Coaches in today’s NFL are always looking for players who can fill multiple roles. Hines not only offers ability as a runner but also versatility as a receiver and a return man. Hines actually played receiver his first two years at NC State where he averaged over 12 yards per catch. As a return man, he was a game changer averaging a return touchdown a year. With Marlon Mack and perhaps Jordan Wilkins in line to get the bulk of the carries, Frank Reich and the offensive staff certainly have many ways to get Hines the ball in his hands.
Home Run Ability
Now I know this point is fairly similar to the athleticism point but when is the last time that the Colts had a legit option at running back who could take it to the house on any given play?
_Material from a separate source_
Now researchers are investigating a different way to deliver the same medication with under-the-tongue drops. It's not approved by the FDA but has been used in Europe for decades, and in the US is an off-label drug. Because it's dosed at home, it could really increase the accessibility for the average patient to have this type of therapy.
Because not a single guy comes to mind for me. Hines has game breaking ability and can outrun even the fastest defensive backs in football. From this past season, he tallied touchdown runs of 83 yards against Pittsburgh, 54 and 48 yards against North Carolina and 50 yards against Boston College. Regardless of how the Colts scheme the ball to Hines this year, he will always be a threat to opposing teams with his ability to take it to the house.
As I said earlier, Hines spent his first two seasons at NC State mostly as a receiver. As a result, he is still fairly raw in many of the nuanced aspects of the running back position. His vision is not poor but it is not at the level that you want your running back to be at. He needs to develop a better feel for reading his blockers where sometimes he is too patient which leads to missing holes and at other times he is overeager and doesn’t let his blocking fully develop. With more time and coaching at the running back position in the NFL, I fully expect him to clean up these issues and be much more consistent.
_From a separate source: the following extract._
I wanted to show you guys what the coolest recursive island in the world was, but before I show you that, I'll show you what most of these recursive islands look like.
Its no secret that Hines was one of the smaller backs in this past draft class. His height measured in the 12th percentile while his wingspan and weight measured in the 13th percentile at the combine. While these might not mean much on paper, it could cause some concern on the field. His small hand size could lead to fumbles in the NFL. In college, Hines fumbled one in every 86.8 touches which is a below average rate according to Dane Brugler of NFLDraftScout.com. His smaller stature could also lead to problems in pass protection which could limit his playing time on the field. Overall, there has to be some concern with Hines smaller size as a running back.
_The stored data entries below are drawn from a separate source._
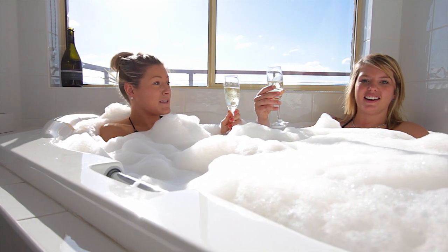And what about this family bathroom with this incredible spa — perfect for enjoying a glass of champagne while taking in these glorious views?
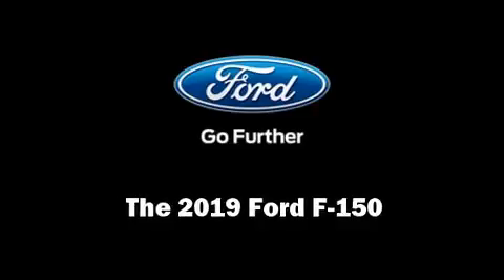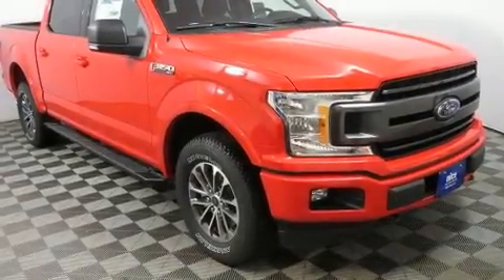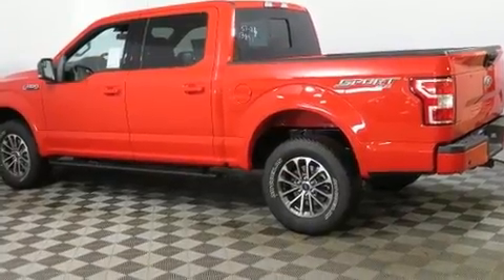Introducing the 2019 Ford F-150. The engine breathes better thanks to a turbocharger, improving both performance and economy.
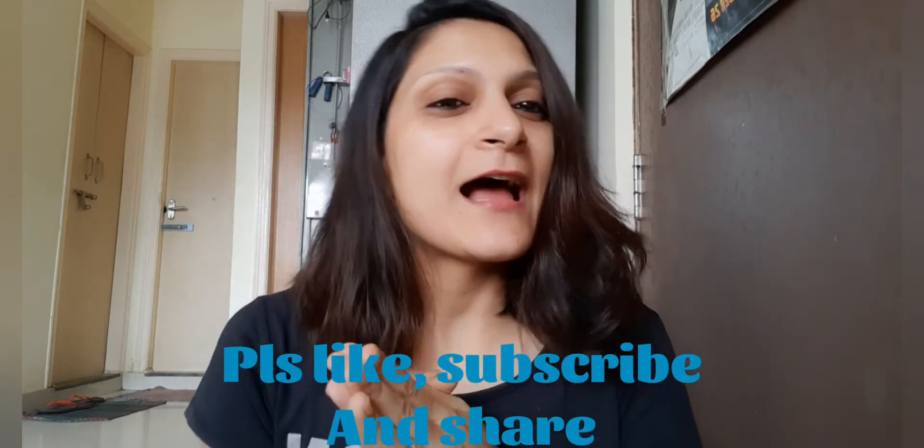I hope all the new students liked my video. Please like, subscribe, and share with new pilots. I'll be back next week. Thank you, bye!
Pro Comparisons For Hines:
Nyheim Hines is a great pick for the Colts.— Vincent Frank (@VincentFrankNFL) April 28, 2018
Think Alvin Kamara-lite.
Mel Kiper on Nyheim Hines: A poor man's Darren Sproles.— Mike Chappell (@mchappell51) April 28, 2018
Nyheim Hines is gonna be like Duke Johnson. He's a really good player.— Kyle Madson (@KyleAMadson) April 28, 2018
Overall I think Hines will be a very solid producer for this Colts team. He brings a rare blend of athleticism, versatility, and home run ability that Colts have not had in recent years. Even if he isn’t receiving a bulk of the running back snaps, he should still see quality playing time as a receiver and return man. Going forward, Hines will be a key piece in the running back committee featuring other rookie Jordan Wilkins and standout Marlon Mack.